▶ **Task brief**: Print every entry, word for word, and skip the images.

(Crawled caption data)
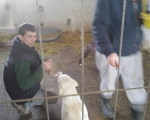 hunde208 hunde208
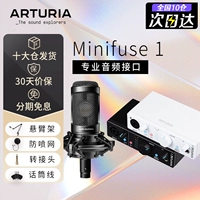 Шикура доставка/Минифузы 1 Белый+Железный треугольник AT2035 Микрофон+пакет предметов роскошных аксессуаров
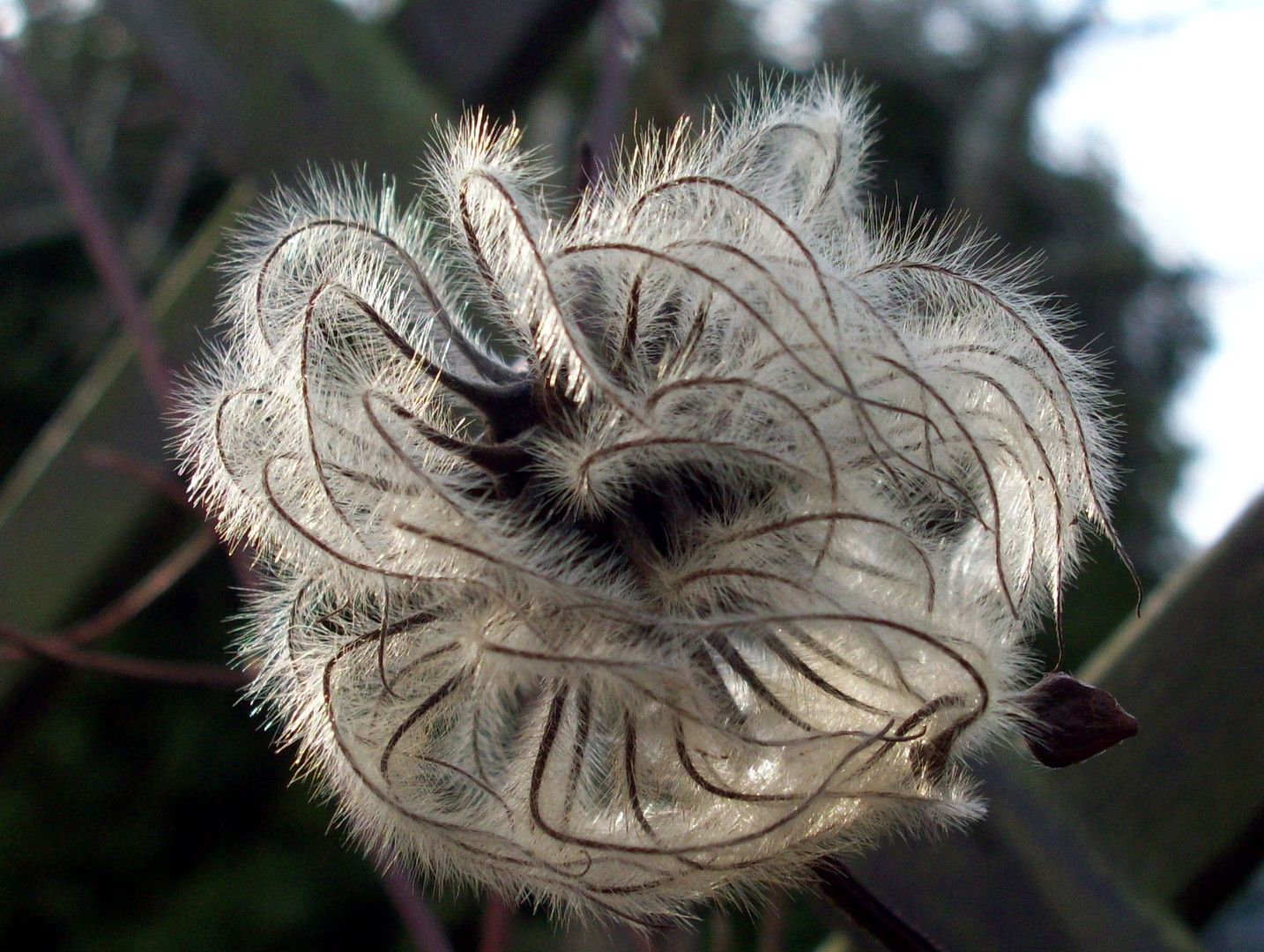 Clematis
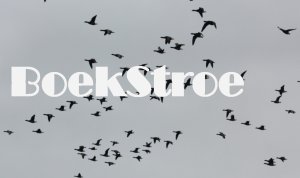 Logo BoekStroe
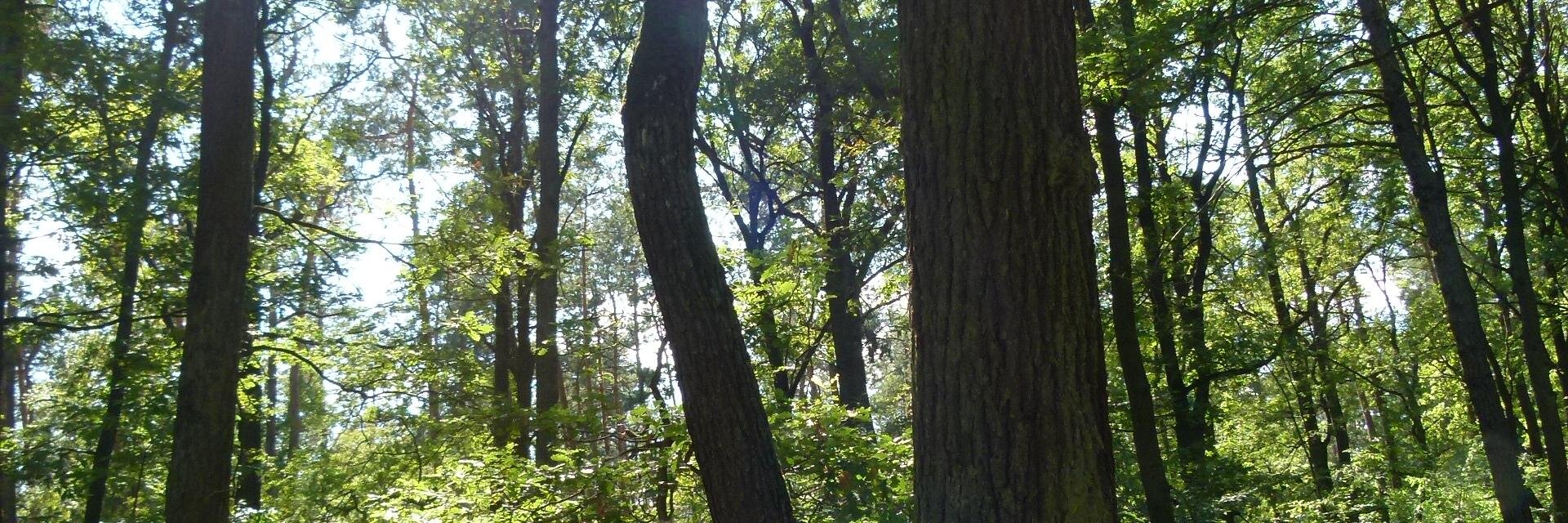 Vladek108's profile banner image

▶ **Response below**:
 hunde208 hunde208
 Шикура доставка/Минифузы 1 Белый+Железный треугольник AT2035 Микрофон+пакет предметов роскошных аксессуаров
 Clematis
 Logo BoekStroe
 Vladek108's profile banner image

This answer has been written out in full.